A new study has determined that the global coverage of seagrass meadows is now declining at an unprecedented rate of 7% per year. The findings of this the study conducted by researchers in the US, Australia and Europe show that seagrasses are now disappearing at rates similar to coral reefs and tropical rainforests. The research estimates that seagrasses have been disappearing at the rate of 110 square-kilometers (42.4 square-miles) per year since 1980 (see Seagrass Watch for more details).
Although seagrasses, and particularly their fauna, are under increasing pressure from changing climate, declining water quality and coastal development are the major reasons that seagrass is being lost. For example the large scale loss’ of seagrass in Chesapeake Bay (U.S) in the 1970’s and Florida Bay in the 1990s were the result of poor water quality.
But why should anyone really care about these ecosystems that are considered to be ‘not as sexy as coral reefs‘. Are seagrasses really as important as rainforests?
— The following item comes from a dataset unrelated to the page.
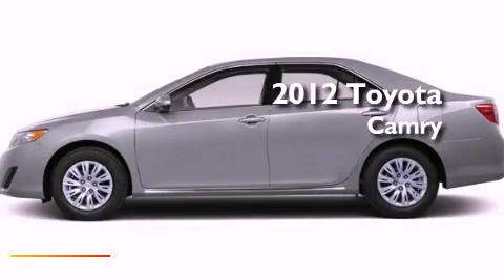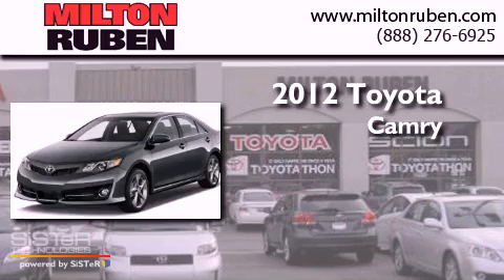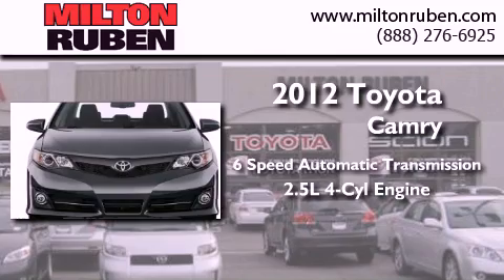This is a brand new 2012 Toyota Camry. This four-door sedan has a six-speed automatic transmission and an inline four-cylinder engine.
Another high profile recent research paper published in Frontiers in Ecology and Environment by the same group of scientists highlights that seagrass meadows provide a vital role in supporting numerous faunal species. Many of these are either threatened with extinction or subjected to overexploitation.
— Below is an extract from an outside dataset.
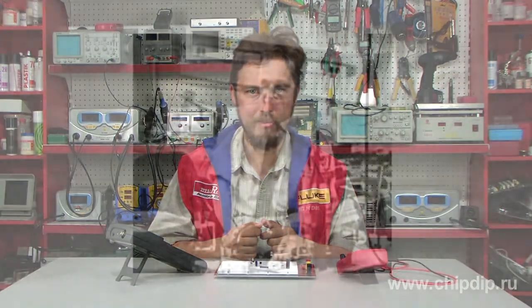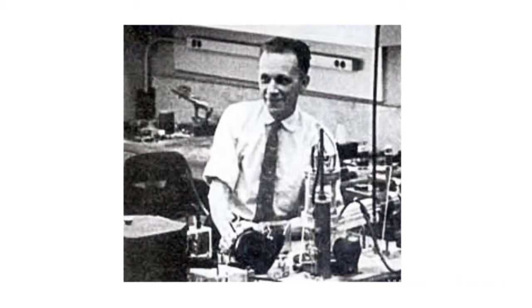In the mid-1930s, electrochemist Russell Ohl of the Bell Telephone Labs facility in Holmdel, New Jersey, started investigating the use of silicon receivers as radio detectors. He found that the increase in silicon crystal purity helped improve their ability to detect low voltages.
Seagrasses have a vital role in supporting fisheries, particularly as nursery grounds, they are also important in global cycling of CO2. As seagrass grows, develops, and then dies, much of the carbon that is incorporated in to leaf tissue can be locked away in sediments, and sometimes become sequested for thousands of years. Seagrasses in some locations have also been found to be as productive as many of the most productive forest communities.
These recent research articles highlight the continuing need for governments, community groups, conservation organisations, fishermen, and all stakeholders that have a vested interest in conserving seagrass meadows to be more aware of the importance of seagrass meadows. Despite not being as sexy as coral reefs, their economic and ecological value demands that they are not left to their current plight.